A Eslovênia, pequeno país na Europa Central, não era muito conhecida dos brasileiros. Contudo, desde a estreia do ‘Big Brother Brasil 22’ nesta segunda-feira (17), o nome tem chamado a atenção por causa de uma das participantes do grupo Pipoca. A jovem Eslovênia Marques de Lima, de 25 anos, é natural do estado da Paraíba e foi batizada em homenagem ao destino europeu. A nomeação incomum, dessa forma, foi escolhida pelo pai dela, atraído, na época em que a sister nasceu, pela divisão da Iugoslávia. 

A Eslovênia é uma nação relativamente nova, foi declarada independente em 1991. Na verdade, foi exatamente o processo separatista que inspirou o pai da paraibana a nomear a filha. Na década de 1990, Eslovênia, Croácia, Bósnia-Herzegovina, Macedônia, Montenegro e Sérvia integravam um único país: a Iugoslávia, que surgiu após o fim da Primeira Guerra Mundial, em 1918. No entanto, devido às enormes diferenças religiosas, culturais e étnicas da região, os conflitos entre a população se tornaram insustentáveis. 

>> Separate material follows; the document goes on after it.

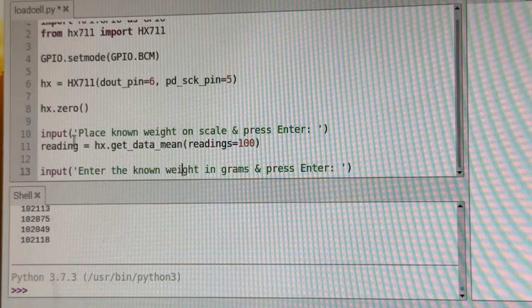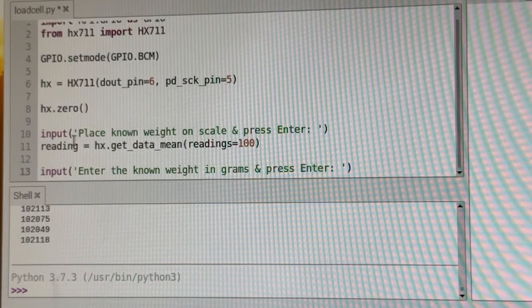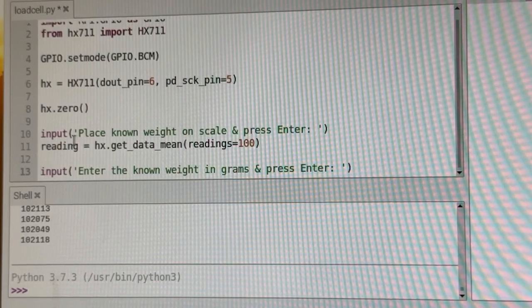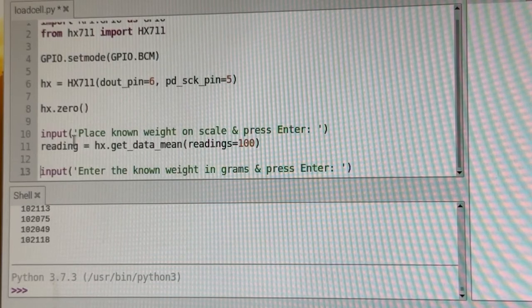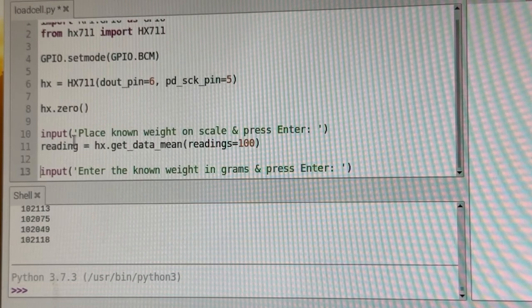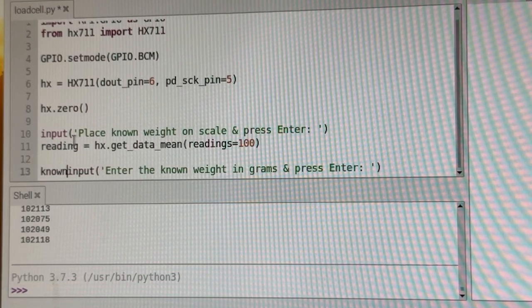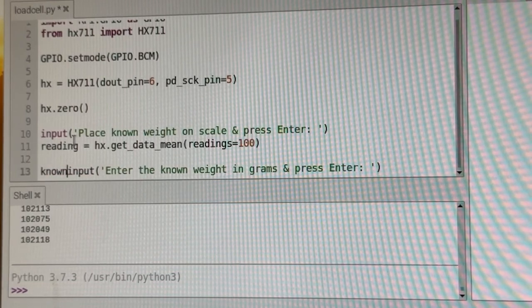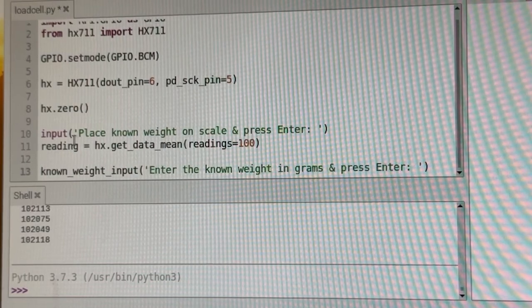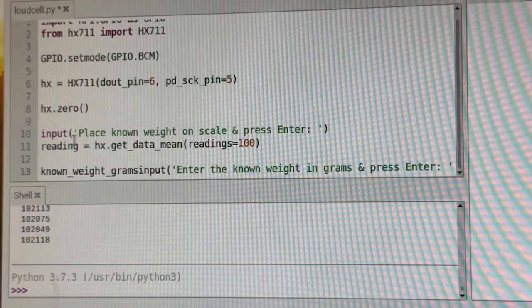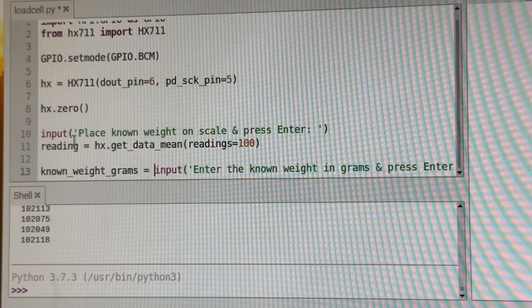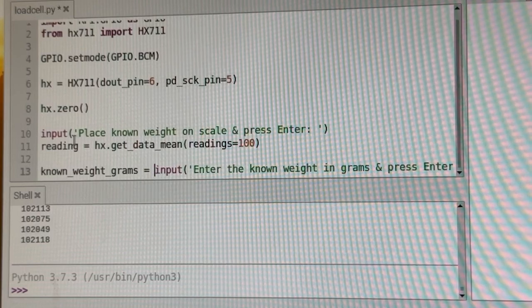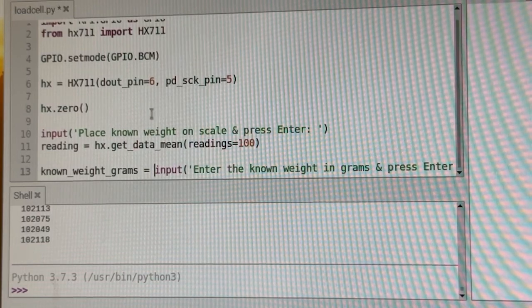Okay, and we want to save these values. So we're going to take those values and save them. So we're going to call this known weight grams. Set that equal to the input there.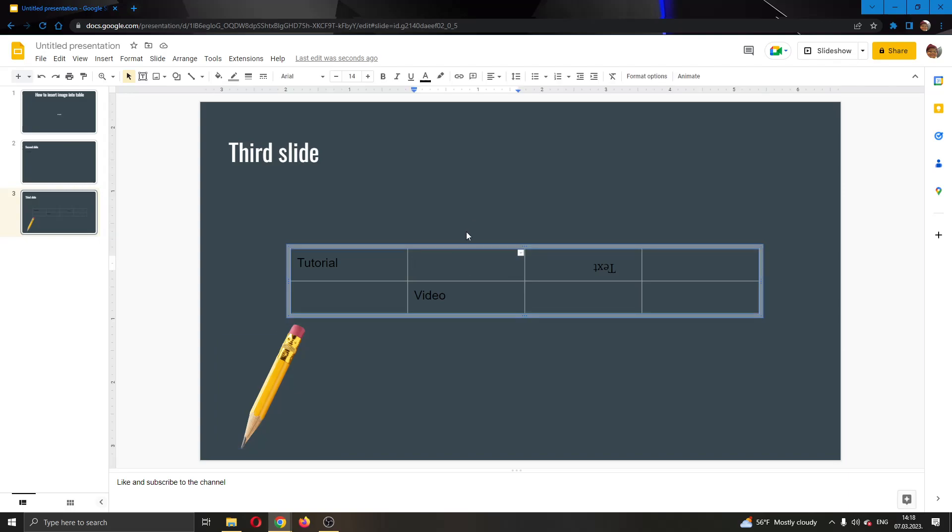And why is that? Because Google Slides does not allow you to add images to tables. So what we want to do is use a trick that will enable us to add images to tables.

Apesar de não ser o destino europeu mais buscado pelos viajantes e possuir aproximadamente 2 milhões de habitantes, a Eslovênia tem um grande potencial turístico. O local se divide entre belas paisagens montanhosas dos Alpes, vastos campos verdes, uma considerável cadeia de cavernas e uma infinidade de outros cenários naturais encantadores. O criador de conteúdo Marcus Vinícius foi para o país em 2017. Ao iG Turismo, ele revelou como foi conhecer o território que faz fronteira com a Áustria, Croácia e Hungria. 

Marcus, de 35 anos, já viajou para 103 países. Como queria pisar em cada país Europeu, não foi difícil incluir a Eslovênia no roteiro. Então, a viagem ficou para maio daquele ano, época favorável para se estar na região, já que o clima é ameno e agradável, durante a primavera europeia. Sendo um destino diminuto, é possível transitar pelas principais atrações em um ou dois dias.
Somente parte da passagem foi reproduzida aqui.